Q. 4-1, you saved a point against you. Is that because of your concentration?
MARY PIERCE: Yes. Well, I was feeling perhaps not very relaxed in the second set. I wasn't attacking very much. I wasn't hitting the ball as much as I wanted to, as much as I had in the first set. So I made a few unforced errors. 3-1, it was a point for 4-1, and I really needed to win that game. That was very important.
Q. Considering your experience of last year, did you have slight apprehension about coming back here to play?
MARY PIERCE: No, not at all. I think the worst thing that can happen is to lose in the first round, which is what happened to me last year, so I couldn't do worse than that. It was a good opportunity for me to actually gain points, because I couldn't lose any.
Q. Last year when you lost, you decided to go to Amsterdam, you started working with Sven. Do you get the feeling that a year later, you can draw some conclusions about this decision?

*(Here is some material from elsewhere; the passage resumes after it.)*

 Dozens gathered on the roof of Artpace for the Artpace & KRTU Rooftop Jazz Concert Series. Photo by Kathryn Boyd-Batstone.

MARY PIERCE: Well, time goes so fast. It's difficult to realize it was a year ago. I started thinking yesterday about this and realizing that it had been one year, but I was mostly thinking about my match today.

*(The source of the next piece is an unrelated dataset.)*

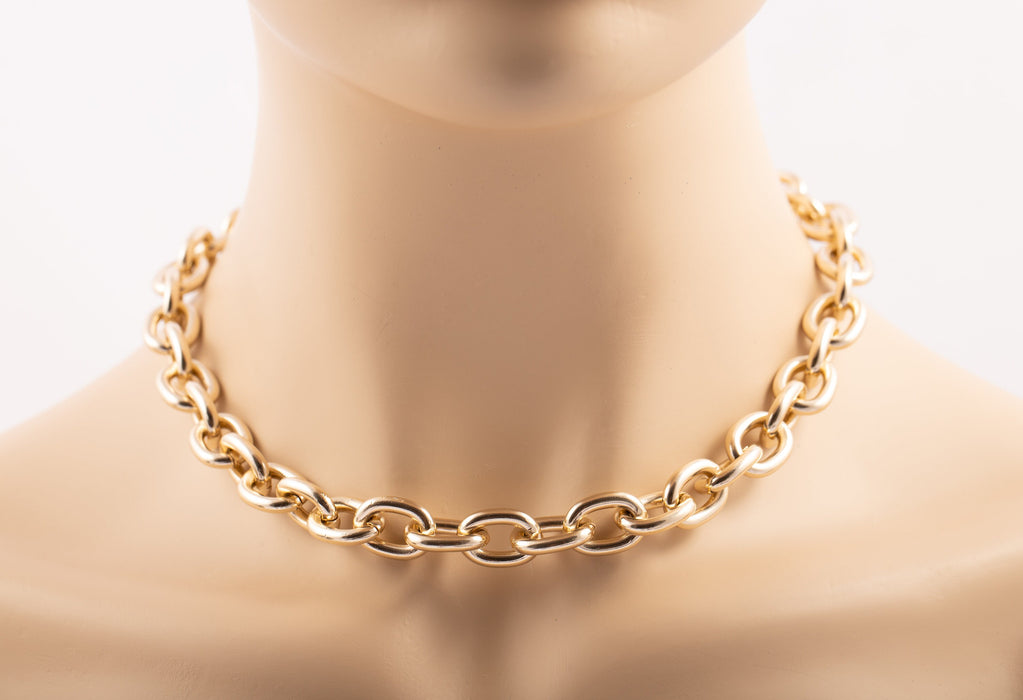 Lightweight Chunky Chain Necklace Gold/Non Tarnish Gold Necklace/Chunky Chain Necklace for Women/Chunky Chain Link Necklace/Toggle Necklace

Q. Amelie is one of the favorites for this tournament. She played yesterday. She played well, but she wasn't perhaps feeling very relaxed. She was maybe a bit nervous because it was a first round. Do you understand that feeling?
MARY PIERCE: Yes. The first round is always the most difficult round, particularly for French players playing here in Roland Garros. We all want to play well, to go far into the tournament.
Amelie is playing very well. She's in excellent shape. She has just won two tournaments in a row. Obviously, she has the most pressure, if you like. There's a lot of expectations for her. I'm sure that she wants to do well in this tournament and that she hopes to win.
So, obviously, that would make her feel a bit nervous.
Q. Before the match, did you study Claudine's style of game?
MARY PIERCE: Well, not much. I saw her training this morning. We trained on the same court. But I was concentrated on my game and following the advice of my coach.
Q. Did you follow Claudine's matches last week, for instance, against Davenport?
MARY PIERCE: No, I didn't watch the matches on television. I just saw the results on the Internet, saw that she won, so I suppose she played well.